[Collection entries]
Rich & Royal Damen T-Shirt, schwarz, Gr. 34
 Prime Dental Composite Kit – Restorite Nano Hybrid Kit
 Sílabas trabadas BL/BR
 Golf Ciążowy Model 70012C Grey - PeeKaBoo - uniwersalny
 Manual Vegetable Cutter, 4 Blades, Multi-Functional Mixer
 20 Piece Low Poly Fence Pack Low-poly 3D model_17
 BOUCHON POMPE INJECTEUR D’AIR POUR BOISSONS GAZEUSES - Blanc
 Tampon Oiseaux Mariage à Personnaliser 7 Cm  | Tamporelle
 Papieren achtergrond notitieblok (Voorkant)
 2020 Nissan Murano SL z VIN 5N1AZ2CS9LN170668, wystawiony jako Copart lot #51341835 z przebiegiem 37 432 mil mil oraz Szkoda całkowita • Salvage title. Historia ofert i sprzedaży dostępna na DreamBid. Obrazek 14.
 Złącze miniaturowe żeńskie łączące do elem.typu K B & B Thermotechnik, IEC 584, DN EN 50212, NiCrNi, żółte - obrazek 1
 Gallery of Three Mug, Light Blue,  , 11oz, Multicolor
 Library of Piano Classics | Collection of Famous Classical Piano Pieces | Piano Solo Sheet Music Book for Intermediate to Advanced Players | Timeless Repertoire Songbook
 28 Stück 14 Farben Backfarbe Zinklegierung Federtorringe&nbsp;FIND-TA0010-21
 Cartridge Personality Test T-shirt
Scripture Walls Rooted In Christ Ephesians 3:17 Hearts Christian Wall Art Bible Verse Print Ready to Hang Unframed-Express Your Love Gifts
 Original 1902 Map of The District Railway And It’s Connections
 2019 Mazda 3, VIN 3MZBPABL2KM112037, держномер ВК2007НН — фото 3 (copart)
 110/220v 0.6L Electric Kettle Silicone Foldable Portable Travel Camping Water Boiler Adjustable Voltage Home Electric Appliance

- Requirement -
Scan the entries above for the line containing "Manual Vegetable Cutter, 4", and copy it and all lines after it exactly, down to and including the line containing "Gallery of Three".

- Output below -
 Manual Vegetable Cutter, 4 Blades, Multi-Functional Mixer
 20 Piece Low Poly Fence Pack Low-poly 3D model_17
 BOUCHON POMPE INJECTEUR D’AIR POUR BOISSONS GAZEUSES - Blanc
 Tampon Oiseaux Mariage à Personnaliser 7 Cm  | Tamporelle
 Papieren achtergrond notitieblok (Voorkant)
 2020 Nissan Murano SL z VIN 5N1AZ2CS9LN170668, wystawiony jako Copart lot #51341835 z przebiegiem 37 432 mil mil oraz Szkoda całkowita • Salvage title. Historia ofert i sprzedaży dostępna na DreamBid. Obrazek 14.
 Złącze miniaturowe żeńskie łączące do elem.typu K B & B Thermotechnik, IEC 584, DN EN 50212, NiCrNi, żółte - obrazek 1
 Gallery of Three Mug, Light Blue,  , 11oz, Multicolor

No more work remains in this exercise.